Imphal, Oct. 10: Health experts in Manipur warned on World Mental Health Day today that cases of mental illness were taking an alarming proportion in the state because of endless violence, unemployment and poverty.
"Manipur has many problems. Violence resulting from armed conflicts, rapes and killings in addition to unemployment have contributed to the rising cases of mental illness," M. Akshaykumar Singh, former head of department of clinical psychology in the Regional Institute of Medical Sciences (RIMS), told The Telegraph.

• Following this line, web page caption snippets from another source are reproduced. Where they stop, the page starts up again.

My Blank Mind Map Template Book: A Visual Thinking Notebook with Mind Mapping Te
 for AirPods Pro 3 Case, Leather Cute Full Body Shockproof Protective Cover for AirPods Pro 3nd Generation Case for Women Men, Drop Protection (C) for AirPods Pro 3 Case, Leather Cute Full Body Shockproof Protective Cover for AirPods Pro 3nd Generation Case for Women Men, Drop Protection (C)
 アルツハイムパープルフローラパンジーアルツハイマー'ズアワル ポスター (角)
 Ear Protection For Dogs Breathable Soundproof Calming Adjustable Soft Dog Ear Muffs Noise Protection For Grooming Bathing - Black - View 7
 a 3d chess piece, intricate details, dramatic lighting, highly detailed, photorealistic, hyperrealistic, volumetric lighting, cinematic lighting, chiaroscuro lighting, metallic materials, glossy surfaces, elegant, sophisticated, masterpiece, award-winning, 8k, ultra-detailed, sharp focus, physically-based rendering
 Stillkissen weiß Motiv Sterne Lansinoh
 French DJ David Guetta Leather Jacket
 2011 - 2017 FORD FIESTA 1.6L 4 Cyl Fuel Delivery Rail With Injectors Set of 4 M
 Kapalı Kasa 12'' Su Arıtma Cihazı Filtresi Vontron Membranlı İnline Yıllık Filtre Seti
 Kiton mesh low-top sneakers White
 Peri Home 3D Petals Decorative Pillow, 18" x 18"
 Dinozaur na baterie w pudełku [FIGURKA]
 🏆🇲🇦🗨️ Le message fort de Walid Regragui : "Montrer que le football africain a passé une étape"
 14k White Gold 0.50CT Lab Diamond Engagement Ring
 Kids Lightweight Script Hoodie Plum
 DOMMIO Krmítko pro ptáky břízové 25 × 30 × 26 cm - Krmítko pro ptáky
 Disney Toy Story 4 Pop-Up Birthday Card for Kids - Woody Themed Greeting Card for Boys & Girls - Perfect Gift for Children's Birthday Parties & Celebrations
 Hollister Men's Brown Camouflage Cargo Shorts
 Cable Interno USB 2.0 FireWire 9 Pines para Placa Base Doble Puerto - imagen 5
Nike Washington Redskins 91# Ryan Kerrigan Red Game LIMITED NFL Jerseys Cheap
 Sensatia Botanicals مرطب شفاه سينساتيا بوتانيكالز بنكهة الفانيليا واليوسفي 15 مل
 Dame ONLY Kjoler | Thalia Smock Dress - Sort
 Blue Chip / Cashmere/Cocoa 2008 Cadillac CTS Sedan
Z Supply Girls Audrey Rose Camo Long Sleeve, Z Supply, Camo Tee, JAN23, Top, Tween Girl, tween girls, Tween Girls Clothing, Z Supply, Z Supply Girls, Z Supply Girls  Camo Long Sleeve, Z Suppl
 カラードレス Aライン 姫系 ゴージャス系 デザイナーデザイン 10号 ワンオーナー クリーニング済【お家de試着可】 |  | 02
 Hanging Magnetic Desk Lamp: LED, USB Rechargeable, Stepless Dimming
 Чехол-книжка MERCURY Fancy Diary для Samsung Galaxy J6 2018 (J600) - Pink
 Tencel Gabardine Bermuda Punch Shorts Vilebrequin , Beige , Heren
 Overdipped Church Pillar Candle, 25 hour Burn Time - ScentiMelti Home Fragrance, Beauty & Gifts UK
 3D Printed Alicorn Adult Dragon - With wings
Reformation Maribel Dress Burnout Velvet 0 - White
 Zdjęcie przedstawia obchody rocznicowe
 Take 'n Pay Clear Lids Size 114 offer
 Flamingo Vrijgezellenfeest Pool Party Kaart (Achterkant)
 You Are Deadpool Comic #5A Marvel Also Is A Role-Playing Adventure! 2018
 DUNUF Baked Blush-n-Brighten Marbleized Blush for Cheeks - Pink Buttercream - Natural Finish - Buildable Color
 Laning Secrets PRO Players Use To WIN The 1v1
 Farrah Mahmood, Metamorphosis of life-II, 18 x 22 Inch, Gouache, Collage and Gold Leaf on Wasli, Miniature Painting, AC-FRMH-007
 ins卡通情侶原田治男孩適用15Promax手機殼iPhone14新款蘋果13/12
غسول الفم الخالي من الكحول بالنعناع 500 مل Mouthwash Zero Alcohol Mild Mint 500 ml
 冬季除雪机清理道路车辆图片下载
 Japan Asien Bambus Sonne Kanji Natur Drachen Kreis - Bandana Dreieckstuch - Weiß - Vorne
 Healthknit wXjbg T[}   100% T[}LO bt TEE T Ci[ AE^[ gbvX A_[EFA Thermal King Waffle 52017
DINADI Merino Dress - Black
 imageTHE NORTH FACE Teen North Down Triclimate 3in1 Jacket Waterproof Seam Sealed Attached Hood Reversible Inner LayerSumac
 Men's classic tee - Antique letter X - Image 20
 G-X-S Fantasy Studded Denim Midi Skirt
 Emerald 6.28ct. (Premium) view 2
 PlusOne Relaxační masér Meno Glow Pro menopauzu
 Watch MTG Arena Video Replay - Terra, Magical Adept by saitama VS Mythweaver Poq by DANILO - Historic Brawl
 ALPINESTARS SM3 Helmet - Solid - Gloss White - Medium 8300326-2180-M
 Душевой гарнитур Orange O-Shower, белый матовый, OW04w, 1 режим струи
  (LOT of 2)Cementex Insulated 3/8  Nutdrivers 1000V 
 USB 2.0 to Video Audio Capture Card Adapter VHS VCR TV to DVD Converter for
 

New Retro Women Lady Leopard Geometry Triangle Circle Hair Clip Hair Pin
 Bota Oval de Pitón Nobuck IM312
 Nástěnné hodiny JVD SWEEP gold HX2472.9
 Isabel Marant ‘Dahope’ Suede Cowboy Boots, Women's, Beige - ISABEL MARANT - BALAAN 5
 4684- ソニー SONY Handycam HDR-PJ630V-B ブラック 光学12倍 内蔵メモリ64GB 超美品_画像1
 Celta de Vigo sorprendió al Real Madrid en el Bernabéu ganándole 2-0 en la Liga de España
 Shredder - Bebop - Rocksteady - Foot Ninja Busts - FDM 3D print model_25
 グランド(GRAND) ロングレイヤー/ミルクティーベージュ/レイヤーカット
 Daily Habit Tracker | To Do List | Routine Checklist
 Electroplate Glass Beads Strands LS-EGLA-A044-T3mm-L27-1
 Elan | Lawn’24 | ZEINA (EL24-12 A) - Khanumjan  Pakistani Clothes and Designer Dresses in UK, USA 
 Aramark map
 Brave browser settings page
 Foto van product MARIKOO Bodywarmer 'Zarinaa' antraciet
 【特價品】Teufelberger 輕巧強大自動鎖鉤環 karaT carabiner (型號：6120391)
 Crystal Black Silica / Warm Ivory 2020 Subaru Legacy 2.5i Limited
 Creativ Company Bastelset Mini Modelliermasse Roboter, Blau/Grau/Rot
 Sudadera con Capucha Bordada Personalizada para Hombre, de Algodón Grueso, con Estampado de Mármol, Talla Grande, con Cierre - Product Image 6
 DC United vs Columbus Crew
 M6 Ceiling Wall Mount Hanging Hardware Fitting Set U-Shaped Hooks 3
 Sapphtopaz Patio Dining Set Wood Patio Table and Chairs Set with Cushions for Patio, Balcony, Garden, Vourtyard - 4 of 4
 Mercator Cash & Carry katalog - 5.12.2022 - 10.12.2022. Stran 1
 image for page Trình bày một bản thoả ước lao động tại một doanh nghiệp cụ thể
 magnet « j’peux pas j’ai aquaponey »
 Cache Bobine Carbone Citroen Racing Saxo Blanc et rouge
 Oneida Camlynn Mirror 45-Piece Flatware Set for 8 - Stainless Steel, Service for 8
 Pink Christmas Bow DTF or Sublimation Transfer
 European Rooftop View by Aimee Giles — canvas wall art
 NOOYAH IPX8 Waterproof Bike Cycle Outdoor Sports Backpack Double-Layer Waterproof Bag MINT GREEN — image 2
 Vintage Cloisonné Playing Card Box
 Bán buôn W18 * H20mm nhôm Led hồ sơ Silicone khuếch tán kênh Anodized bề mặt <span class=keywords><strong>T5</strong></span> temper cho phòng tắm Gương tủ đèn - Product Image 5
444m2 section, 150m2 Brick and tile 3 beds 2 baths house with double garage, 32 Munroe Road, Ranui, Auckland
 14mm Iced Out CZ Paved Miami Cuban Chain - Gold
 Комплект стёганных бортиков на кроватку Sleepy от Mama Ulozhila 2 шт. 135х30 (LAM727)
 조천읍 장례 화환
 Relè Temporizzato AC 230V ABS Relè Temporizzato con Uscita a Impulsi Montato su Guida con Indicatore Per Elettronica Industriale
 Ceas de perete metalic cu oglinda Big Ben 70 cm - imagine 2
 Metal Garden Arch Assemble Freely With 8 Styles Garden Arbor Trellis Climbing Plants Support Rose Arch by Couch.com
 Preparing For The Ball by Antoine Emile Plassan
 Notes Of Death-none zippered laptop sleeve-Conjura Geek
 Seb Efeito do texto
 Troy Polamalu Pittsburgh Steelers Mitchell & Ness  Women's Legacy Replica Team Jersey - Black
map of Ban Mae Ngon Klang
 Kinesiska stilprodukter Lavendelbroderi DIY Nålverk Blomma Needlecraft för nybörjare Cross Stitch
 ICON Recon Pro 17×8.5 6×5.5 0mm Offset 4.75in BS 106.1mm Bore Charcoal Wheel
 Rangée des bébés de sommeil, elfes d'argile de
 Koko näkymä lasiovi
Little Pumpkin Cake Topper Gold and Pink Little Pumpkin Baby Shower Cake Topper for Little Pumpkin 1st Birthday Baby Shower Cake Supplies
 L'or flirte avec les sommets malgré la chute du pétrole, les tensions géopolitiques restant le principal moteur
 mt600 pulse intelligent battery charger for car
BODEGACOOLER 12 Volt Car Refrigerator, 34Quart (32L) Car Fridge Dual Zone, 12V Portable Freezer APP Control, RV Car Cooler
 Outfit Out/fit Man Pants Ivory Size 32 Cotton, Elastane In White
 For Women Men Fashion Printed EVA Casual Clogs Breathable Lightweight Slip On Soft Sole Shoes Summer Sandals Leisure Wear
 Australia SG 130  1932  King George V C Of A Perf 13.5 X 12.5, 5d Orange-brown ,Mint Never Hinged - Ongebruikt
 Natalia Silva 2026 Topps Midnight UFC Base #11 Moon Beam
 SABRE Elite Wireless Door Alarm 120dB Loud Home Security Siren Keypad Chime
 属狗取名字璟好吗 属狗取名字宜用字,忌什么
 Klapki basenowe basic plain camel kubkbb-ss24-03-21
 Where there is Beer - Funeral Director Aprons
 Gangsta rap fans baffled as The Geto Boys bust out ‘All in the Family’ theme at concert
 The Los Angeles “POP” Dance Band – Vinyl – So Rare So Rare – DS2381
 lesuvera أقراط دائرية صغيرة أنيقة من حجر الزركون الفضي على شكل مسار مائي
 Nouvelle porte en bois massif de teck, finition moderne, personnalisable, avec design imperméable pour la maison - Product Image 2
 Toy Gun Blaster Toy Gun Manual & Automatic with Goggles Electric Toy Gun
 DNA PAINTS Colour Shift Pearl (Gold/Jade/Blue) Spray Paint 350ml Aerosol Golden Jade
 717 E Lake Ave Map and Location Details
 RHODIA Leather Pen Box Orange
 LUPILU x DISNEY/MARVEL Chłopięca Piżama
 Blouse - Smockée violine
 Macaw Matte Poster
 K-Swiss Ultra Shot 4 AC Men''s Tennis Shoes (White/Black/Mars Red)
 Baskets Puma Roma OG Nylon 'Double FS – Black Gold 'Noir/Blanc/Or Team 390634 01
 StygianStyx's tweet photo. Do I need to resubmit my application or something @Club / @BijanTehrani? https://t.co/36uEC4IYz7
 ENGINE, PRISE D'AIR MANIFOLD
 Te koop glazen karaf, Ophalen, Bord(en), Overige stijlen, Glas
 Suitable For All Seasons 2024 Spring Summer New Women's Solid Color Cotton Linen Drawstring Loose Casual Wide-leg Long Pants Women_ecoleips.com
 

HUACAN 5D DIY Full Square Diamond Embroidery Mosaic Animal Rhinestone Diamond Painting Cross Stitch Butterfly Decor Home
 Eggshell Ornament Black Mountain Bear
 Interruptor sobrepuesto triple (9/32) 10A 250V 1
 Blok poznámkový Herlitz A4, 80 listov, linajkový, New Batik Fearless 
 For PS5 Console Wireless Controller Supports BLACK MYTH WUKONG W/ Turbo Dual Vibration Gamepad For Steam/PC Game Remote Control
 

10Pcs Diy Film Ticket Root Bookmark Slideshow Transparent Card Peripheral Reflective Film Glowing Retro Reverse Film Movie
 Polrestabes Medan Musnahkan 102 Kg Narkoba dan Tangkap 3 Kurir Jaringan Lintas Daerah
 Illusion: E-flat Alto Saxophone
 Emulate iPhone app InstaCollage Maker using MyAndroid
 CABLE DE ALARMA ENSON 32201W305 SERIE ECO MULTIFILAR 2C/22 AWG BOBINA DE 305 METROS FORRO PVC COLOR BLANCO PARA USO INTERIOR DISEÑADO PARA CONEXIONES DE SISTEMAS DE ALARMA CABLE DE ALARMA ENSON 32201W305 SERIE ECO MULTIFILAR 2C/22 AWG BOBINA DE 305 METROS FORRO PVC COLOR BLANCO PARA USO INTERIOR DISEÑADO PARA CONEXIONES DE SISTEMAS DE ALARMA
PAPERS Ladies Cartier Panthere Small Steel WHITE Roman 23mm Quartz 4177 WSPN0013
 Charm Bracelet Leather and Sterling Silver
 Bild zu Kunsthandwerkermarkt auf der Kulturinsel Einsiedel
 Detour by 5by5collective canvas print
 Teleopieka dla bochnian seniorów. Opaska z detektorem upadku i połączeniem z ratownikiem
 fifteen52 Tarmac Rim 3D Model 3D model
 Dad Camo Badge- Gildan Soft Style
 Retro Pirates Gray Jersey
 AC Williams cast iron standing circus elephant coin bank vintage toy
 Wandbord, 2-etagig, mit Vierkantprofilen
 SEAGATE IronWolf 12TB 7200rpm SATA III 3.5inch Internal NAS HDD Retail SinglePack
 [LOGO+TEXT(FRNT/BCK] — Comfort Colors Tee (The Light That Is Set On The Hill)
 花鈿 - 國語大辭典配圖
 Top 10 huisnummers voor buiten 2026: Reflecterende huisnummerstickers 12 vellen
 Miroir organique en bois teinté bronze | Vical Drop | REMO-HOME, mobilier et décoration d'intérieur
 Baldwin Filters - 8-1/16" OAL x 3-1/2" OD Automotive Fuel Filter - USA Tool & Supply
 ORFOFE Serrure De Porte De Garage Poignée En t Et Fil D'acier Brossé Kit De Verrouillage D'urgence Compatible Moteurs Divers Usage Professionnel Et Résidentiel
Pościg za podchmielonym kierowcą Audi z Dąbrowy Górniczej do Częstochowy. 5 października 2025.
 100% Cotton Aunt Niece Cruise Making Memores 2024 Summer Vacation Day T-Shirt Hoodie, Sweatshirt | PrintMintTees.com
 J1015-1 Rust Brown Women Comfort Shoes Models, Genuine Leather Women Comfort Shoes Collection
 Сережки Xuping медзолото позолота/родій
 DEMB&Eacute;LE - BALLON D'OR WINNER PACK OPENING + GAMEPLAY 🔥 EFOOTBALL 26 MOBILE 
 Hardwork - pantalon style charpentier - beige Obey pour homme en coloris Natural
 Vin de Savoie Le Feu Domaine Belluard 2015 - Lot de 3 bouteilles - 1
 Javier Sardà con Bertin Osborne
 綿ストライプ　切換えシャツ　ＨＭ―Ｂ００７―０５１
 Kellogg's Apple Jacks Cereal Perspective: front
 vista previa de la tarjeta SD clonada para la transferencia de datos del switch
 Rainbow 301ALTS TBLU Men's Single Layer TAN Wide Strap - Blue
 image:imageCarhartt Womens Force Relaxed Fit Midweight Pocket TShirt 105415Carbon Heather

He said though there was a lack of statistics to prove the rising mental illness cases because of lack of research and documentation, a trend is visible.
"Every day more than 100 patients turn up at the psychiatric department of the RIMS while a similar number visit the Jawaharlal Nehru Institute of Medical Sciences. These figures are alarming enough," the psychologist said.
He said barring these two hospitals, other government hospitals, including primary health centres, were not equipped enough to deal with the situation. "Lack of infrastructure has added to the problem," he said.
Earlier speaking at the World Mental Health Day function organised here, Singh called for a thorough research to know the exact scenario in Manipur and a government policy to deal with the situation.
The programme was organised by the state health department in association with Manipur Mental Health Authority and Indian Psychiatric Society, Manipur branch.
"Mothers could develop depression fearing for the safety of their school-going children. They are unable to rest until their children come back from school," he said.
Bomb attacks on security forces by militant groups have become the order of the day in the past few weeks. This has made parents and civilians out on their routine work anxious.
According to WHO, mental disorder or depression has become the third-most serious global health concern and it has projected that by 2030, it could become the number one health concern.
In India, experts said 3 per cent of the total population was considered to be mentally ill because of poverty, widening gap between the haves and have-nots and violence.
Health minister Phungzathang Tonsig urged doctors to treat patients of mental illness sympathetically.